Simulation of normal distributed data

# Set parameter values
n <- 1000
beta_0 <- 600 
beta_1 <- 30
sigma <- 50
# Model coefficients
coef(model)
(Intercept)    mubeta_1 
      598.1        35.4 
# Standard deviation
sigma(model)
[1] 60.4

Simulation: equality of variance

# Set parameter values
n <- 1000
beta_0 <- 600 
beta_1 <- 30
sigma <- 150
# Model coefficients
coef(model)
(Intercept)    mubeta_1 
      602.2        32.7 
# Standard deviation
sigma(model)
[1] 172

Simulation: exercise

  • Work through the scripts
    • exercises/normal_model_simulation_1.R
    • exercises/normal_model_simulation_2.R
  • You will need to complete the scripts.
  • Then observe how changing the number of observations affects the estimates.

Real data

  • In real life we don’t know the true parameter values as we do in simulations.
  • We can use linear models to estimate parameter values from the data.
  • Maximum likelihood estimation: for which set of parameter values are the data most likely.
  • We also don’t know what underlying process generates our real data.
  • For the simulated data we know that the process is a normal distribution because rnorm samples normally distributed data.

Real data

  • Sometimes even simulated data don’t appear normal distribution because the sample is too small.
blomkvist <- read_csv("../data/blomkvist.csv") %>% 
  select(id, sex, rt = rt_hand_d)
Rows: 267
Columns: 3
$ id  <dbl> 1, 2, 3, 4, 5, 6, 7, 8, 9, 10, 11, 1…
$ sex <chr> "male", "female", "female", "female"…
$ rt  <dbl> 702, 471, 639, 708, 607, 542, 571, 5…
  • Observed data are by-participant means, meaning the central limit theorem applies.
  • Yet, reaction times are notoriously skewed (cause they have lower but no upper bound; see Baayen 2008).

Real data

Sometimes even simulated data don’t appear normal distribution because the sample is too small.
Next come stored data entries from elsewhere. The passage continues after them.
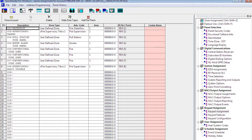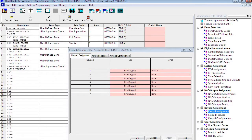Next we're going to go to keypad assignments, where we can put six remote enunciators on the system. We have seven addresses, and address number one is taken up by the console on the Firelink panel.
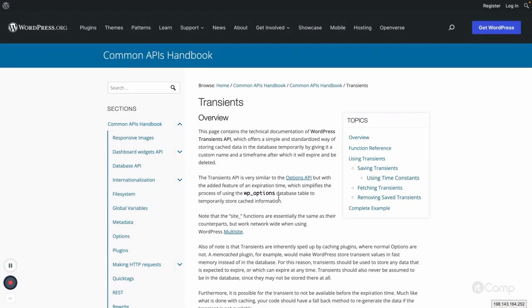Hello friends, welcome back. In this video I will talk about Transient API. We use the Transient API to store our cache data temporarily into the database. We generally use object cache to save our data.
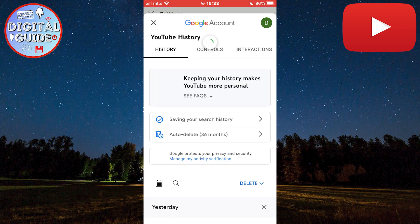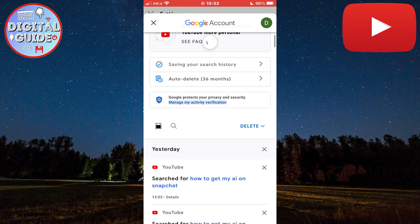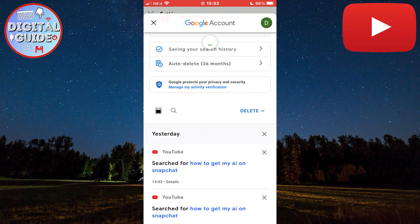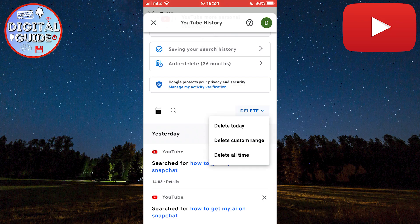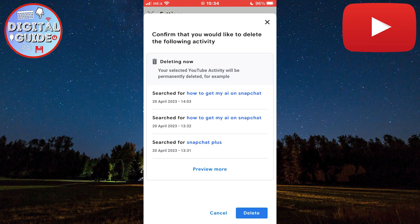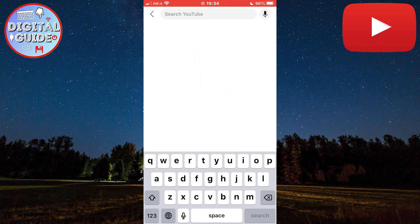It's going to open your YouTube search history, and you can see here all the topics which you had searched for. In order to delete your search history, click on this Delete button right here. It's going to ask you to select a specific date — you can clear it from today only, select a custom date range, or your searches from all time. I'm going to delete everything so I'll click "All Time," and just wait a couple of seconds until the search history is deleted. Now when you go to your YouTube searches, you can see that everything will be deleted.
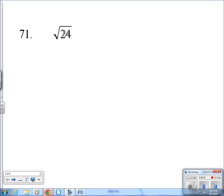Here we are at problem 71 from the honors algebra 2 summer packet. I want to apologize — I'm not really sure why the link was dead. I even went back into my YouTube channel and it was gone. I really want to thank the two individuals who were emailing me about that. I do appreciate you contacting me so I can get these up and running for everyone.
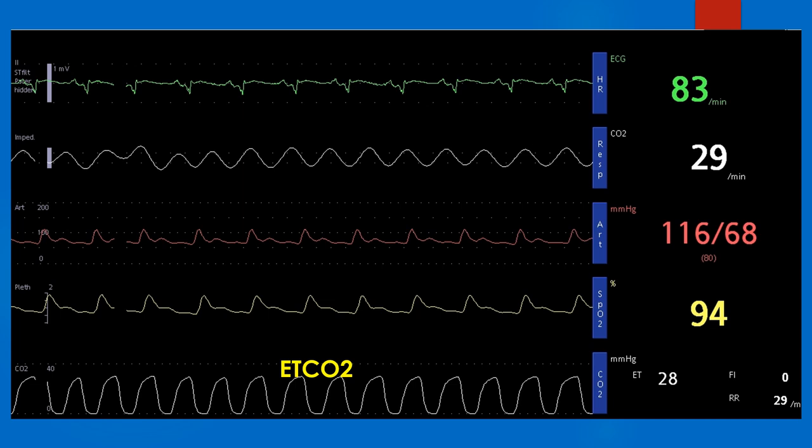The topmost tracing is the electrocardiogram, which shows regular sinus rhythm at 83 per minute. Invasive blood pressure monitoring, usually with a cannula in the radial artery, shows a blood pressure of 116 by 68 mmHg. The remaining tracing is of pulse oximetry, which shows an oxygen saturation of 94 per cent.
blomkvist <- read_csv("../data/blomkvist.csv") %>% 
  select(id, sex, rt = rt_hand_d) %>% 
  mutate(log_rt = log(rt))
Rows: 267
Columns: 4
$ id     <dbl> 1, 2, 3, 4, 5, 6, 7, 8, 9, 10, 11…
$ sex    <chr> "male", "female", "female", "fema…
$ rt     <dbl> 702, 471, 639, 708, 607, 542, 571…
$ log_rt <dbl> 6.55, 6.15, 6.46, 6.56, 6.41, 6.2…
  • Observed data are by-participant means, meaning the central limit theorem applies.
  • Yet, reaction times are notoriously skewed (cause they have lower but no upper bound; see Baayen 2008).

Real data

  • Data are unimodal, roughly normal distributed (there is some positive skew).
  • Variance is roughly the same in both groups.
  • There seem to be more longer rts for males (?).
  • We assume that the \(\text{log}(rt)\) that we denote \(y_1, y_2\dots y_n\) are sampled from a normal distribution with a fixed and unknown mean \(\mu\) ans standard deviation \(\sigma\).
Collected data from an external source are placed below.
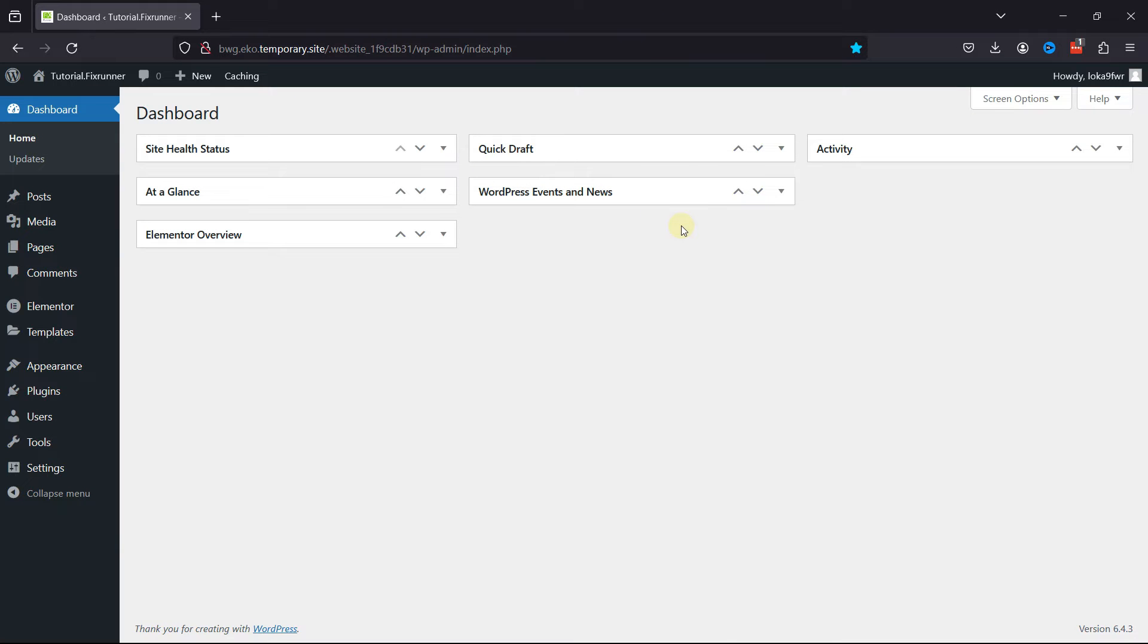For websites with multiple users, site owners might want to restrict access to the Elementor editor to prevent unauthorized changes. Removing the button can be a way to control who has the ability to edit pages with Elementor.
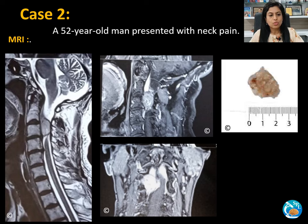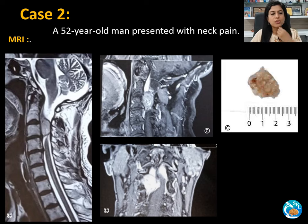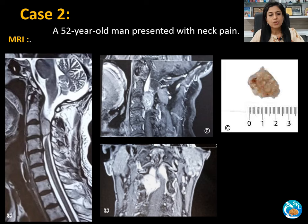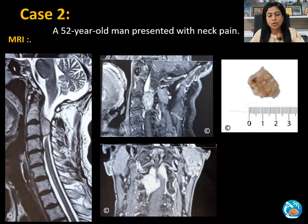Case two: a 52-year-old man presented with neck pain. MRI revealed a lobulated well-defined intra- as well as extradural soft tissue mass in the right C2-C3 neural foramen with right paraspinal extension, measuring approximately 3.9 × 1.3 × 2.9 centimeters with large extension into the spinal canal. The lesion is well-encapsulated and shows heterogeneous hyperintense signal on T2-weighted images and isointense signal on T1-weighted images.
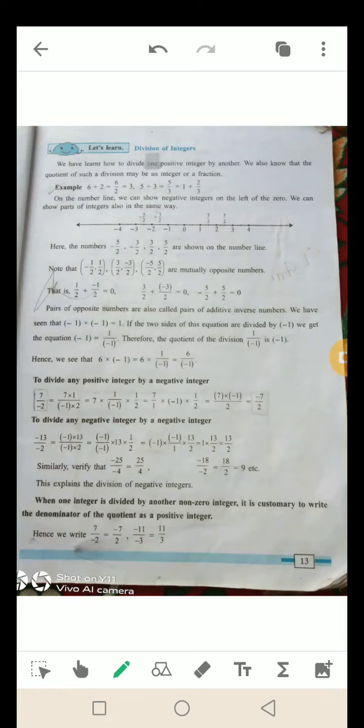अब हम देखेंगे division of integers. We have learned how to divide one positive integer by another. हमने पिछले year में देखा कि एक positive integer को दूसरे positive integer से कैसे divide करते हैं. We also know that the quotient of such division may be an integer or a fraction — वो integer भी हो सकता है और fraction भी हो सकता है.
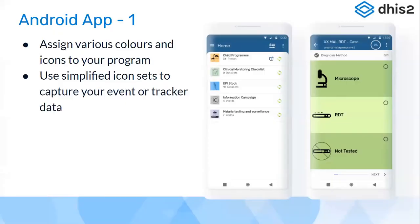As you see in the screenshots, you can assign various color schemes and icons to programs. In the events data model you can use simplified icon sets for data capture. You can associate a color and icon with your options in an option set, resulting in an intuitive and pictorial data collection interface, which can be configured as required by the program.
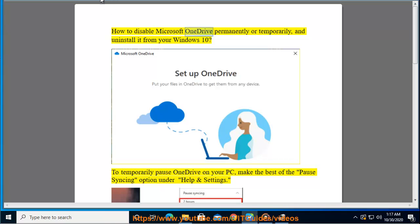How to disable Microsoft OneDrive permanently or temporarily, and uninstall it from your Windows 10.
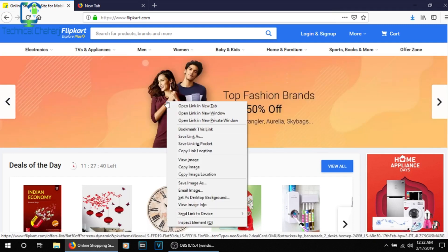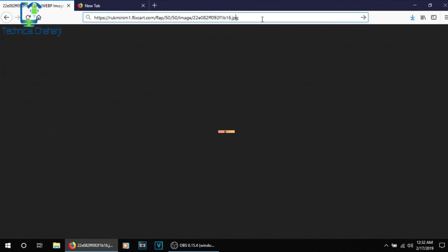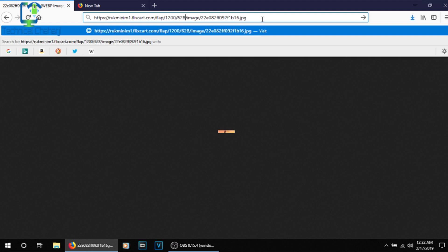What you need to do is select the banner and click on 'View Image'. Once you click on View Image, you can see the size of the banner is very small. So you need to remove everything from the URL after the question mark — the part that says 'q=50'. You need to change that 50 to 1200 and another 50 to 628, then press Enter. See the banner — now you can use this banner in any of your social media or in your videos easily.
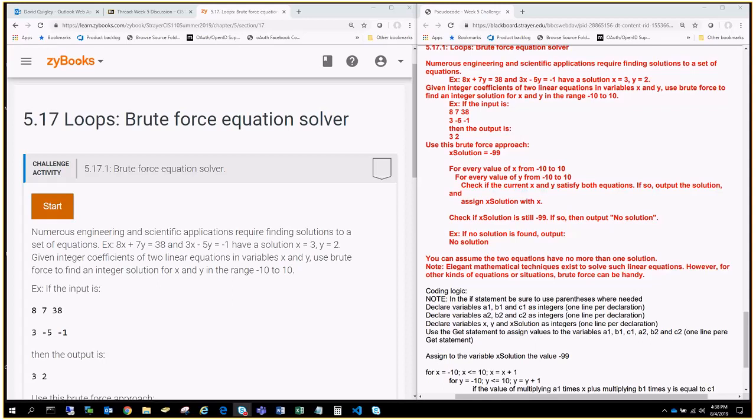All right, class, Professor Quigley here, helping you on the last challenge activity of week 5, 5.17. This is where we're going to use brute force to solve an equation.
\[ y_i \sim N(\mu_i, \sigma^2), \text{ for } i \in 1\dots n. \]

Real data

Predictor variable sex is denoted as \(x_1, x_2, \dots x_n\).

\[ \mu_i = \beta_0 + \beta_1 \cdot x_i \]
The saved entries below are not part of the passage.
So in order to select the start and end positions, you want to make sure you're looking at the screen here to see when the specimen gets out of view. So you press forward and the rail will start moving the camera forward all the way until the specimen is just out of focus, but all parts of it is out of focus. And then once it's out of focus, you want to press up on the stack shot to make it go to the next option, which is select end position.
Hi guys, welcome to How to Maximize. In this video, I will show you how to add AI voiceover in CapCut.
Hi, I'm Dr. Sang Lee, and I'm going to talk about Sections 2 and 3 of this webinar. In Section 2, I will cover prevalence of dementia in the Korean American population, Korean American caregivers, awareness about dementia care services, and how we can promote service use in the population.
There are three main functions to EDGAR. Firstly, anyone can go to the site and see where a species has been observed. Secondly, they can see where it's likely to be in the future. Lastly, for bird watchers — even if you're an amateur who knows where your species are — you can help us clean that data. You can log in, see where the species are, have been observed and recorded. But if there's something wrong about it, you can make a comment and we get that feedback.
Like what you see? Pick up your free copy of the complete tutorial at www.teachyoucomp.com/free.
where \(x_i\) takes on \(0\) for females and \(1\) for males (because “f” is before “m” in the alphabet).

\[ x_i = \left\{ \begin{array}{ll} 0, \text{ if sex}_i = \texttt{female}\\ 1, \text{ if sex}_i = \texttt{male}\\ \end{array} \right. \]

For females \(\mu_i = \beta_0 + \beta_1 \cdot 0 = \beta_0\) and for males \(\mu_i = \beta_0 + \beta_1 \cdot 1 = \beta_0 + \beta_1\), so \(\beta_1\) gives the difference in the averages of the distribution of rts.

Real data: exercise

  • Complete exercise scripts
    • exercises/normal_model_blomkvist_1.R
    • exercises/normal_model_blomkvist_2.R
  • Make sure you understand how the model coefficients relate to the visualisation.

Compare simulated and real data

# Set parameter values
n <- 100
beta_0 <- 600 
beta_1 <- 30
sigma <- 50
# Specify model
model <- lm(outcome ~ mu, data = sim_data)
# Model coefficients
coef(model)
(Intercept)    mubeta_1 
      602.2        32.7 
# Load and transform data
blomkvist <- read_csv("../data/blomkvist.csv") %>% 
  select(id, sex, rt = rt_hand_d) %>% 
  mutate(log_rt = log(rt))
# Specify model
model <- lm(log_rt ~ sex, data = blomkvist)
# Model coefficients
coef(model)
(Intercept)     sexmale 
     6.4602     -0.0943 

Interpreting coeffcients

Log transformation: slope is no longer additive (linear scale) but multiplicative (exponential scale)

# Specify model
model <- lm(log_rt ~ sex, data = blomkvist)
# Model coefficients
(coefs <- as.vector(coef(model)))
[1]  6.4602 -0.0943
  • I.e. log rt difference isn’t \(\beta_0 + \beta_1\) but \(\beta_0 \cdot \beta_1\); log rt is \(\beta_1\) times shorter / longer.
  • Intercept \(\beta_0\) is the average for females and slope \(\beta_1\) is difference for males.
# Converting coefficients to msecs
intercept <- coefs[1]
slope <- coefs[2]

Exponentional function exp can be used to un-log coefficients.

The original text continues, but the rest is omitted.